We won't be fooled out of our referendum

London Telegraph
Monday June 25, 2007

This is worse than we expected. We had assumed that, in order to sustain their line that their new treaty was different from the constitution, British ministers would have to rewrite some parts of the draft.

In fact, the two texts are virtually identical. Titles have been altered, terminology tweaked, but there have been no substantive changes.

The EU will carry on agglomerating the attributes and trappings of statehood: a president, a foreign minister (now to be called the High Representative for Foreign Affairs), a legal system and, not least, the right to enter into relations with other states as a sovereign entity.

This is, to all intents and purposes, the same text that was rejected by 55 per cent of French voters and 62 per cent of Dutch voters two years ago - although you would not know this from listening to the BBC's gullible coverage. The changes are emendations, not amendments; decorative, not structural.

Indeed, in some regards, the new draft is worse than the old. When it was called a constitution, the paper had a certain legal finality: further alterations would have required a formal process of amendment.

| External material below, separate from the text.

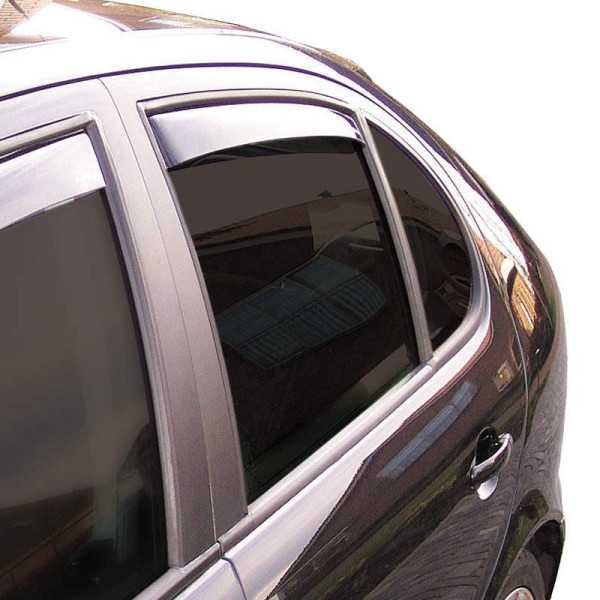 Déflecteurs latéraux Master Dark arrière pour Audi A4 Avant 20012008  Seat Exeo ST2009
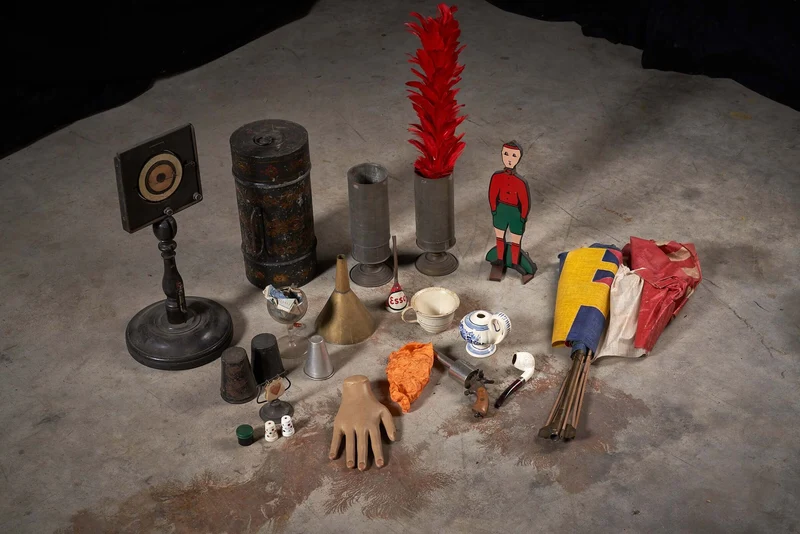Vintage Magician's Tool Collection - Assorted Magic Props and Accessories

Now, as we report today, the treaty contains a mechanism allowing the EU to extend its jurisdiction without having to summon new inter-governmental conferences. The Euro-ratchet, which has always existed de facto, will exist de jure, too.

But we are playing the Government's game, getting drawn into the technicalities.

The overall picture is, in fact, stark and simple. In 2004, the heads of government agreed a treaty which confirmed the powers that the EU had already annexed, and bestowed new ones on it. Many leaders promised their peoples referendums.

When France and the Netherlands voted "No", Eurocrats realised that they needed to find a way to circumvent public opinion. So they changed the constitution's name, swapped around a couple of clauses, and now propose to ram it through without further referendums (except in Ireland and Denmark, whose constitutions automatically trigger a vote).

To see how outrageous this is, ponder the following facts. First, in every single one of the 27 member states, by majorities of between 65 and 85 per cent, people want referendums.

Second, the French, Dutch and British governments were all elected on the basis that they would not bring back the constitution without a plebiscite.

Third, as Daniel Hannan and Douglas Carswell point out in our Think Local series today, 98.8 per cent of British MPs fought the last election on the basis of opposition to the constitution, or of a commitment to a referendum. That is the real outrage.

Don't be distracted by all the talk of double hatting, Ioannina compromises or justiciability. The plain fact is that we were promised a referendum. We want what we were promised.